Schermerhorn Symphony Center

While on our whirlwind 3,100 trip, we stopped in Nashville. Along with its impressive recording industry, Nashville is known as home for the best of country western, bluegrass, and gospel music. Everywhere you turn, you cannot help but see young musicians vying for attention with that special sound and voice hoping to barnstorm their way to the top or at least catch the attention of some curious record producer.

Wandering through the streets of downtown, we passed the new construction sight of the Country Music Hall of Fame and found that their hockey team, the Nashville Predators, were in the playoffs at the nearby Bridgestone Arena.  McGavock Street was swarming on that early Friday morning with anxious fans, media crews, and supply trucks shuffling back and forth around the adjacent Nashville Music Garden, just east of the arena. This garden is filled with roses of every color and scent you could imagine and located at the center of the thriving SoBo neighborhood.

On the north end of the garden was the impressive new Hilton Hotel providing convenient and luxury accommodations for business people, hockey fans, and tourists alike. To the east of this garden was our destination: the brand new Schermerhorn Symphony Center, home of the well respected Nashville Symphony Orchestra. This building, nestled among all of the other new construction, was our final destination.

Only recently completed, free hour-long tours are available at 1:00PM most Wednesdays and Saturdays allowing you to explore this striking new concert hall (see The brain child of its recently departed musical genius, Maestro Kenneth Schermerhorn, this monstrous building employs Greek architecture with massive columns flanking its entry above which appears an ornately carved facing.

The center formally opened on September 9, 2006, with a gala concert conducted by Leonard Slatkin and broadcast by PBS affiliates throughout the state.

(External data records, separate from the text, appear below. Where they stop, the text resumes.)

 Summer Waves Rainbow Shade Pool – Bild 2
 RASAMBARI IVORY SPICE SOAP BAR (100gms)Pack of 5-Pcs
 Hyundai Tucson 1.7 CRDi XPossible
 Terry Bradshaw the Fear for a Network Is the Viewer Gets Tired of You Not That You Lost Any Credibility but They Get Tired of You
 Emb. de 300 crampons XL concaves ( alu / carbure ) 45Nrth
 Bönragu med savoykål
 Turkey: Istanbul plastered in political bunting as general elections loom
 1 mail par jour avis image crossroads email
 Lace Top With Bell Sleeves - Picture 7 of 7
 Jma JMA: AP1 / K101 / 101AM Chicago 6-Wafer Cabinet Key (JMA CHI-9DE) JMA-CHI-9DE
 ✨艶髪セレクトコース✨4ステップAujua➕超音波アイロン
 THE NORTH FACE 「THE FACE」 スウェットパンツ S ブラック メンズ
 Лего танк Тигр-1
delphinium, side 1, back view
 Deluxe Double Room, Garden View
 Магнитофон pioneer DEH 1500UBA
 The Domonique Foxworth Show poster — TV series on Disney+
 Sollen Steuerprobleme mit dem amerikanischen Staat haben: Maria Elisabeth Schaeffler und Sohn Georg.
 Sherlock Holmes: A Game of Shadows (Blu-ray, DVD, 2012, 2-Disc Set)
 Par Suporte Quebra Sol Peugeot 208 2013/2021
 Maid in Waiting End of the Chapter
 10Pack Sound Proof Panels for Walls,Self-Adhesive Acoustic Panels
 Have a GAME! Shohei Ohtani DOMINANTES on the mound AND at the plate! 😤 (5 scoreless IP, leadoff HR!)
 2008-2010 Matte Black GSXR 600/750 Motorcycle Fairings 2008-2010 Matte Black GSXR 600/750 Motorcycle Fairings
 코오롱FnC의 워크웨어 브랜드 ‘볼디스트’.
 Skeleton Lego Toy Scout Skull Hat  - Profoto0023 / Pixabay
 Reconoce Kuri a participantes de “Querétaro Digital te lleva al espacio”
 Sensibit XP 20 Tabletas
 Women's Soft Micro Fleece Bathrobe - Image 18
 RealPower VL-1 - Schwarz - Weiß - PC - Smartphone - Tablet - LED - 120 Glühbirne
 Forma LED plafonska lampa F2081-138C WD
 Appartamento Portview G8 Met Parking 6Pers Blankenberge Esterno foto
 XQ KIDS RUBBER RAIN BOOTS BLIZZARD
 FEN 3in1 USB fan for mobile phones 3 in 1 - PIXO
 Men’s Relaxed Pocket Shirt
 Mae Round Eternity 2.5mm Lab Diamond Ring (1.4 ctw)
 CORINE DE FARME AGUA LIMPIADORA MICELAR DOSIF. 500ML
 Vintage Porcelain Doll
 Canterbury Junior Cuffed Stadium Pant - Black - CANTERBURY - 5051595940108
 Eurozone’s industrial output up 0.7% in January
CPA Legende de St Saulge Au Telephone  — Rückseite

But from the devastating May 4, 2010 flood that damaged the organ and the instruments housed in its basement, the center just reopened prior to our arrival.  Aside from rivaling some of the best concert halls in the world, classical music seems to be an unlikely musical,style juxtaposed in a town focused primarily on other venues. But this apparent contradiction does not stop there: did you know that the Nashville Symphony is also one of the most listened to symphony orchestras in the world?

Selling more recordings than any other orchestra in the world, the Nashville Symphony Orchestra if nothing else is lucrative. Performances are available at and older recordings through eBay and local used record stores. We wandered through the entry and into the concert hall stunned by its attention to detail. Dozens of microphones were suspended from the ceiling at strategic points providing the best positions without the visual distraction of floor stands. The seats were plush and comfortable and we were fortunate to hear a xylophonist rehearsing for an upcoming performance.

I sat there imagining what it would be like to hear the entire orchestra and feel the magic that transforms those walls into a work of art. One day I will return and hear with my own ears what my mind could only imagine. With luck, that will be sooner than later.

Support the music in your home towns and encourage the musicians that struggle to bring beauty into our world. Attend every performance you can and listen intently to it as if it were your last. It is with this attitude that true music appreciation can be found.